Chwilę później przychodzi Nikola z mamą, tatą, bratem i babcią. Taka smutna im się ta Brzeska wydaje – czarno-biała, biedna. I te twarze takie... – Poniszczone – mówi mama Beata. – No, ukazana rzeczywistość – wzdycha babcia Barbara. Monika Skowrońska nie dojechała na wystawę – nie miała z kim zostawić szóstki dzieci. Rudego też nie ma, bo od sierpnia 2011 r. już nie żyje.
Maciek
Brzeska – to ta niebezpieczna ulica prawobrzeżnej Warszawy. Jak twierdzą niektórzy – samo centrum północnopraskiego trójkąta bermudzkiego. Lepiej nie zapuszczać się tam po zmroku. A i w dzień różnie bywa. W melinach mieszka tu najgorszy element, ci z eksmisji, no i pijacy, co żeby wstać rano, muszą się napić. Nie pracują i biją swoje dzieci.

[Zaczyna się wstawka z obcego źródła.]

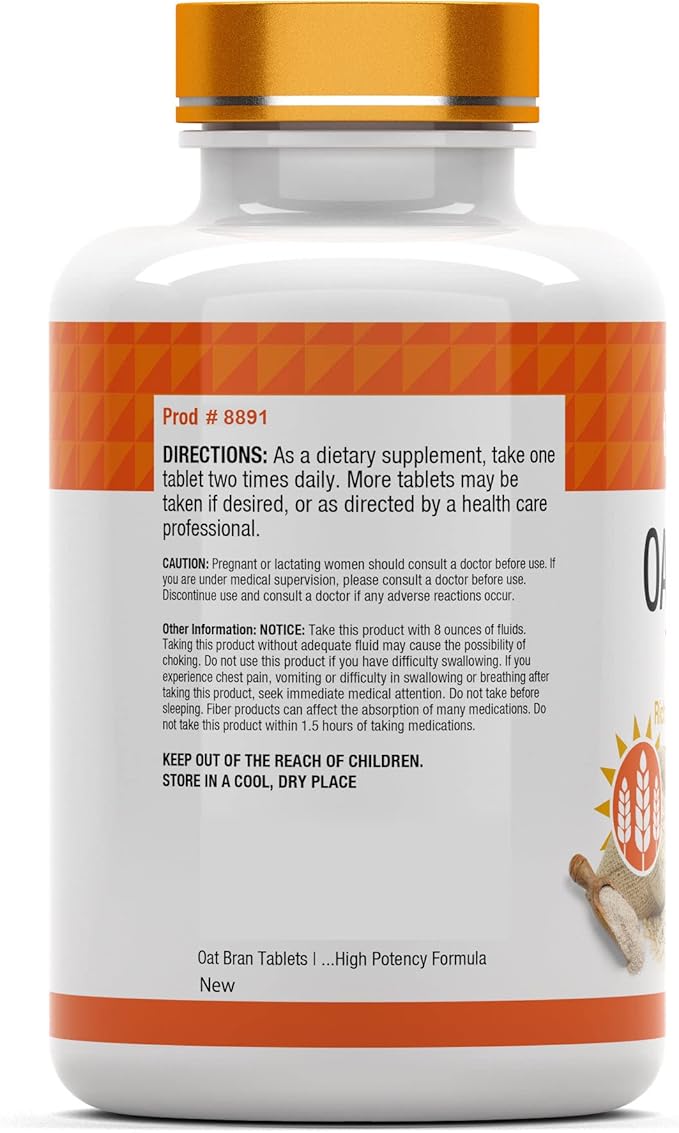 Oat Bran Tablets | 100 Tablets x 1,000 MG per Tablet | Oat Fiber Tablets | Soluble & Dietary Fiber Supplement | Supports Digestive Health * | High Potency Formula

Pewnego dnia zawędrował tu Maciek Pisuk. Nie był wtedy w najlepszym stanie. W 2002 r. sprowadził się na Pragę do kawalerki swojej narzeczonej. Nie miał pracy, stracił prawa do scenariusza filmu o zespole hiphopowym Paktofonika, nad którym pracował kilka lat. Pisał za grosze dialogi do telezakupów Mango. Ledwo starczało na alimenty dla dwójki dzieci z poprzedniego małżeństwa z rodzinnego Bielska-Białej. Wróciła depresja.
– Żeby cokolwiek robić, wychodziłem z domu z aparatem i snułem się po okolicy.